**RECORDS FOR THIS EXERCISE**
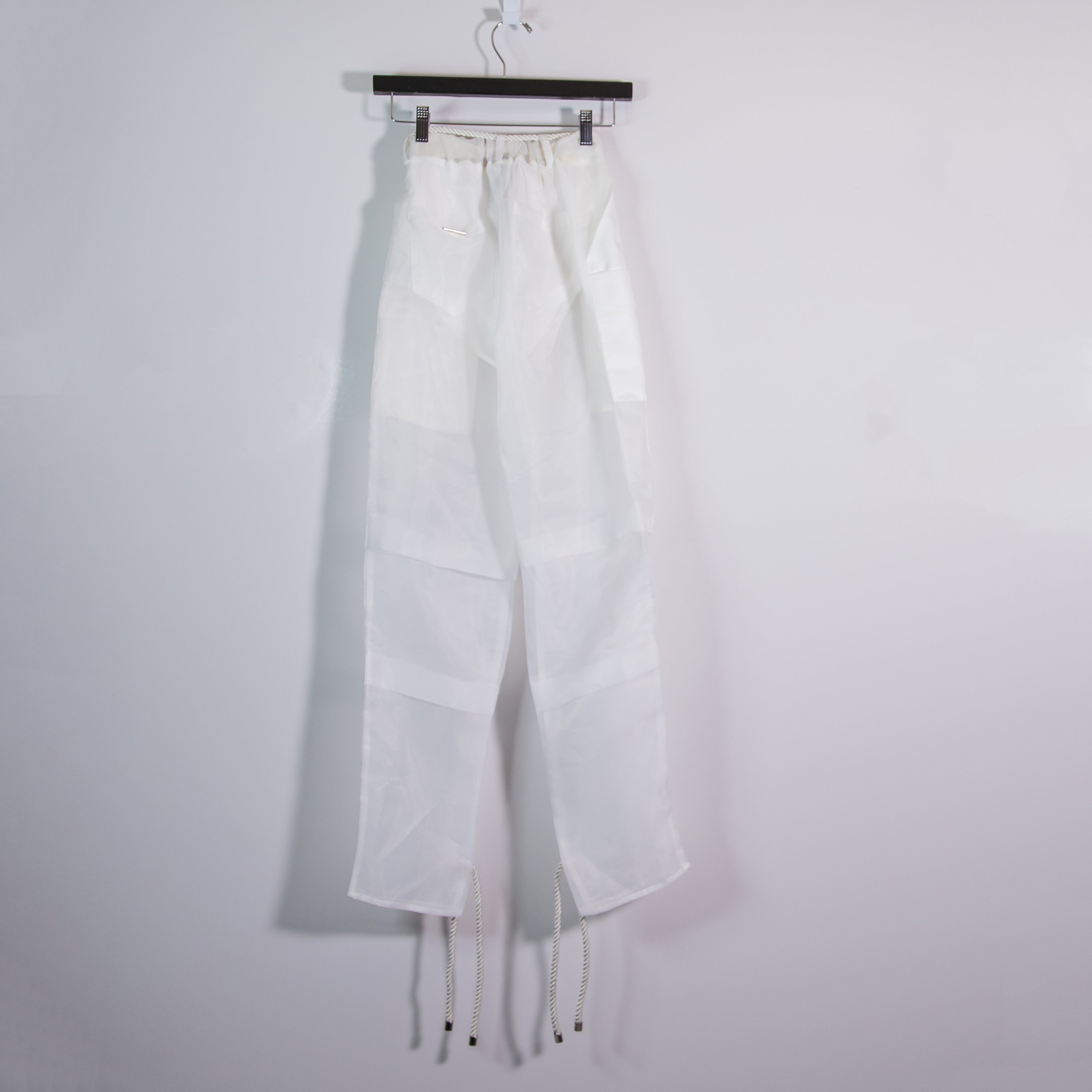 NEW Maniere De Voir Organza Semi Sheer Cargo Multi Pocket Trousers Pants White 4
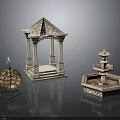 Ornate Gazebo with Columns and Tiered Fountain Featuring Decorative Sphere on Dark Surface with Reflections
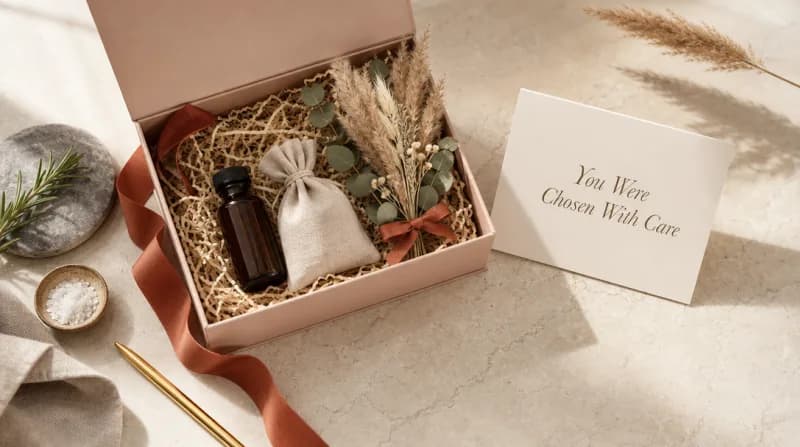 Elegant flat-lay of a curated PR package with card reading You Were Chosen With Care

...

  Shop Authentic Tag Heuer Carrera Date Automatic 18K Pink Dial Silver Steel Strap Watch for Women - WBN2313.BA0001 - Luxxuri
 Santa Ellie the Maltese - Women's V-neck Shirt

**WHAT THE TASK ASKS**
Take the stretch of lines above from the one containing "Shop Authentic Tag" through the one containing "Santa Ellie the" and repeat it exactly, adding no other line.

**RESPONSE TO THIS EXERCISE**
  Shop Authentic Tag Heuer Carrera Date Automatic 18K Pink Dial Silver Steel Strap Watch for Women - WBN2313.BA0001 - Luxxuri
 Santa Ellie the Maltese - Women's V-neck Shirt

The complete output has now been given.